● INFORMATION SHOWN
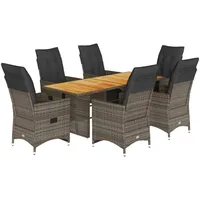 vidaXL Garten-Bistro-Set 7-tlg. Grau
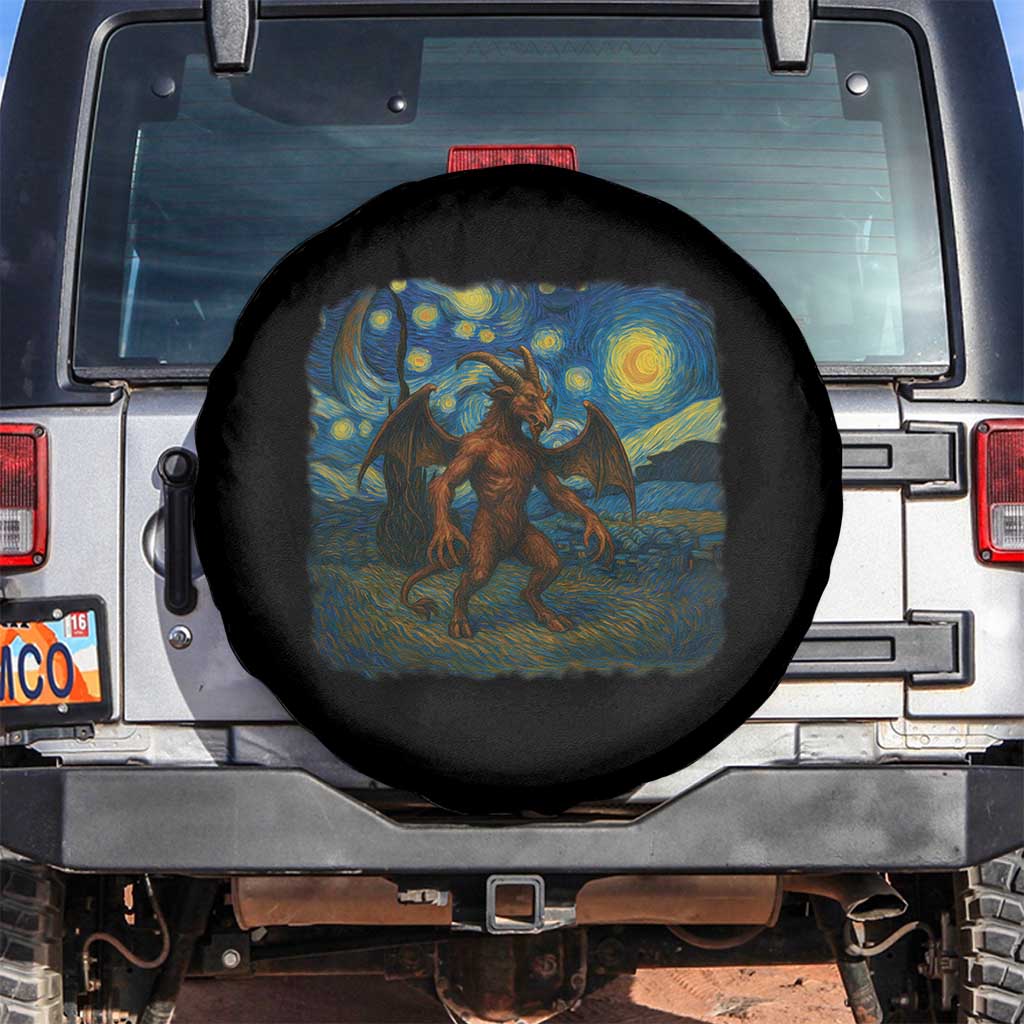 Jersey Devil Starry Night Spare Tire Cover Van Gogh Cryptid Gift TS12 No hole Black Print Your Wear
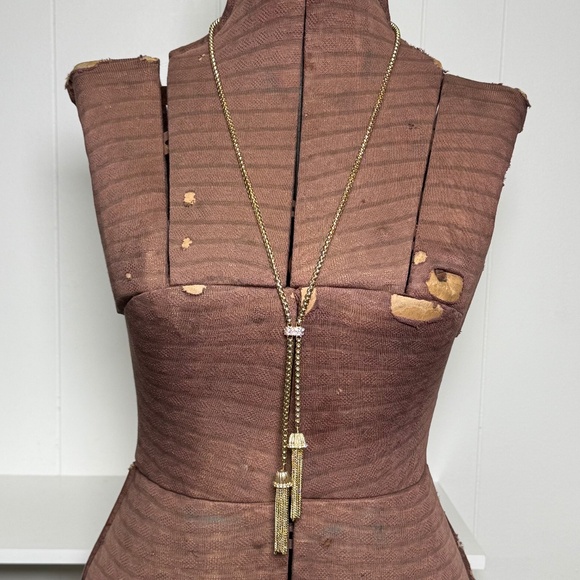 Vintage Goldtone Opera Length Tassel Necklace Rhinestone Accents - Picture 1 of 12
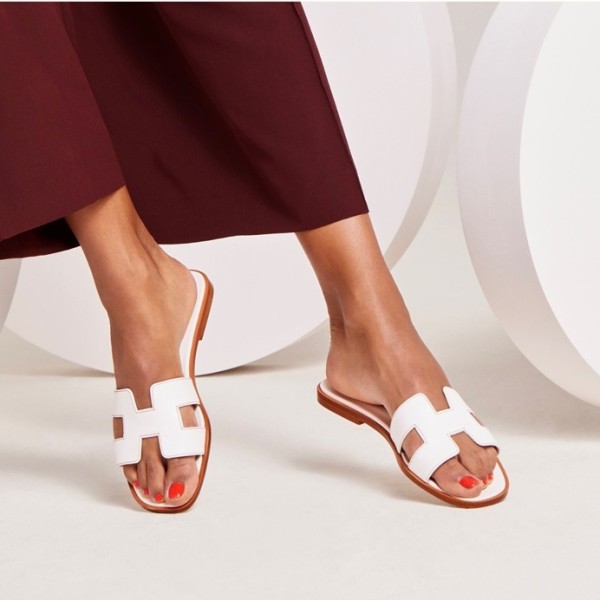 ✨에르메스 여성 화이트 오란 - Hermes Womens White Slipper - he227x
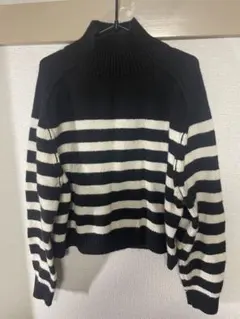 H&M黒と白のストライプ タートルネックニット
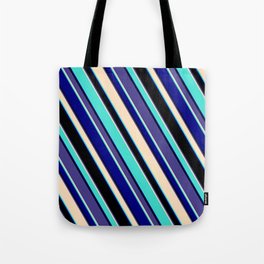 [ Thumbnail: Eye-catching Dark Slate Blue, Bisque, Turquoise, Blue, and Black Colored Lined/Striped Pattern Tote Bag ]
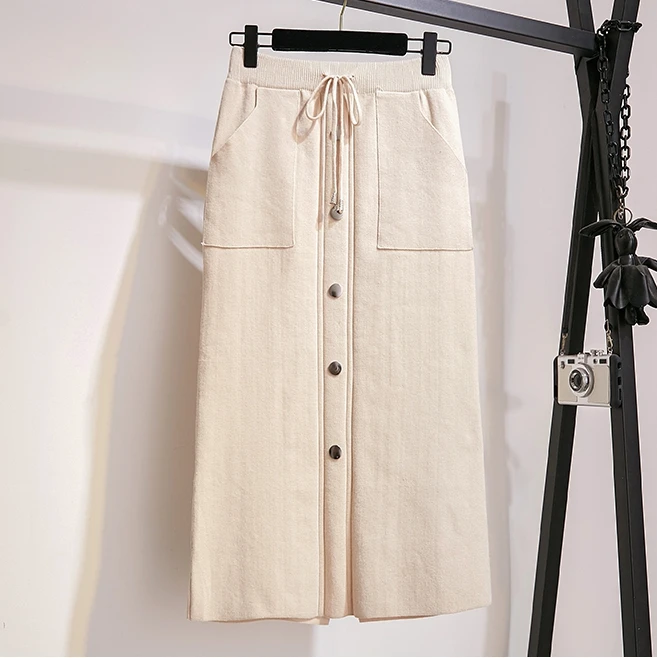 Beige Winter Autumn Skirts Womens Knitting Wool Straight Long Skirt High Waist Elastic Drawsting Pockets Saia Midi Skirts - Цвет: Beige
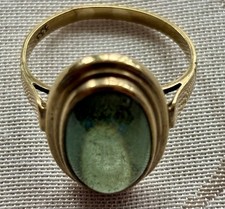 Ring 333 gelbgold grüner - ring,
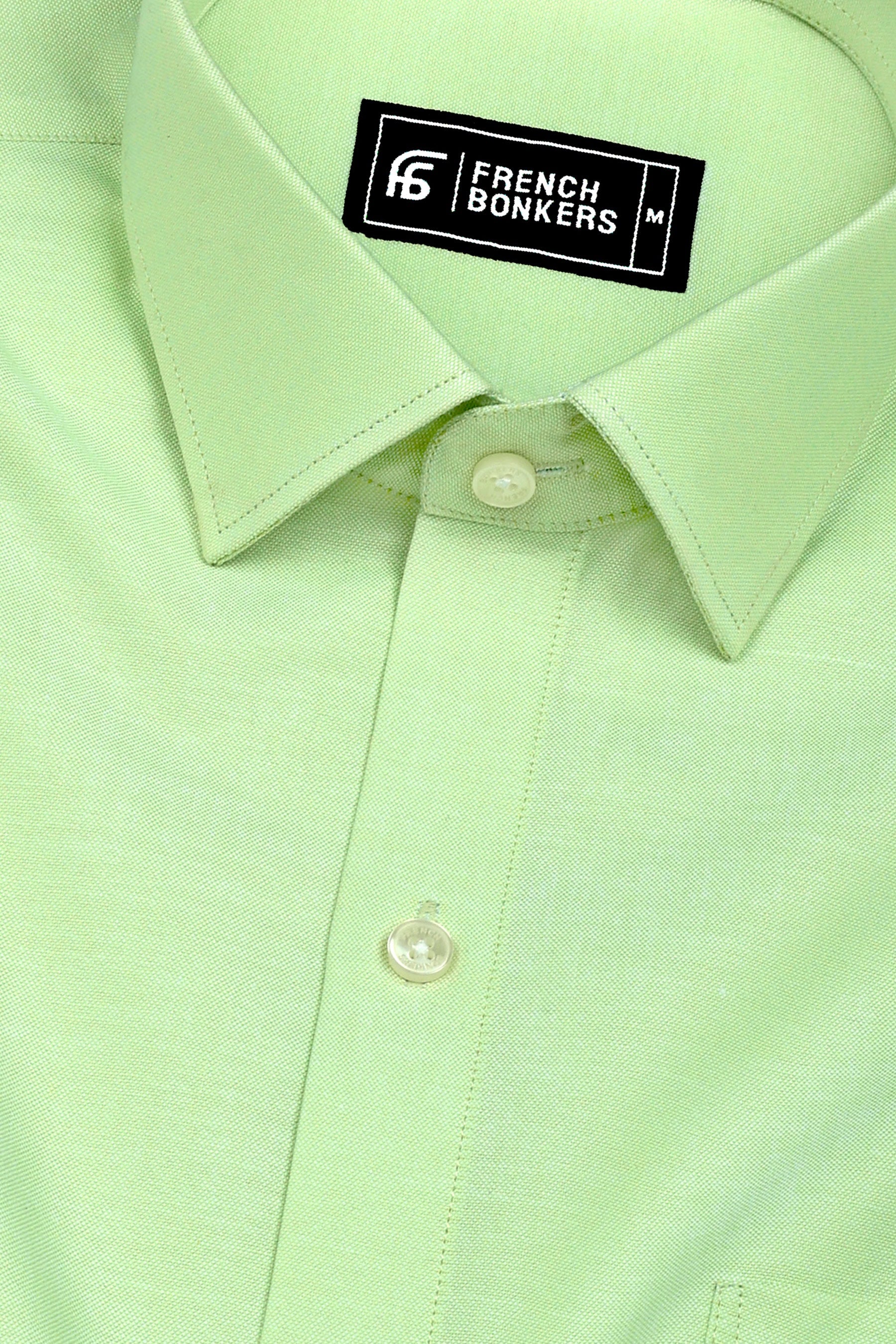 Arctic Light Pista Green Solid Oxford Cotton Shirt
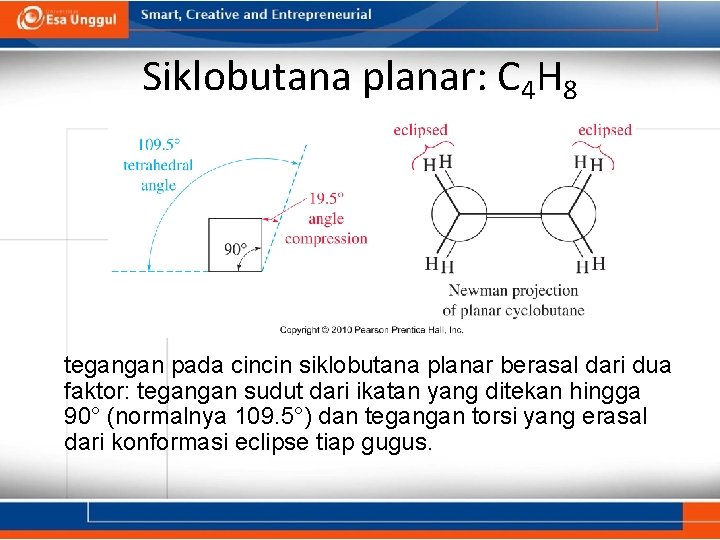 Siklobutana planar: C 4 H 8 tegangan pada cincin siklobutana planar berasal dari dua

● TRY IT
Beginning at the line that has "H&M黒と白のストライプ タートルネックニット" and ending at the line that has "Ring 333 gelbgold", restate the listing above word for word, pictures left out.

● EXERCISE OUTPUT
 H&M黒と白のストライプ タートルネックニット
 [ Thumbnail: Eye-catching Dark Slate Blue, Bisque, Turquoise, Blue, and Black Colored Lined/Striped Pattern Tote Bag ]
 Beige Winter Autumn Skirts Womens Knitting Wool Straight Long Skirt High Waist Elastic Drawsting Pockets Saia Midi Skirts - Цвет: Beige
 Ring 333 gelbgold grüner - ring,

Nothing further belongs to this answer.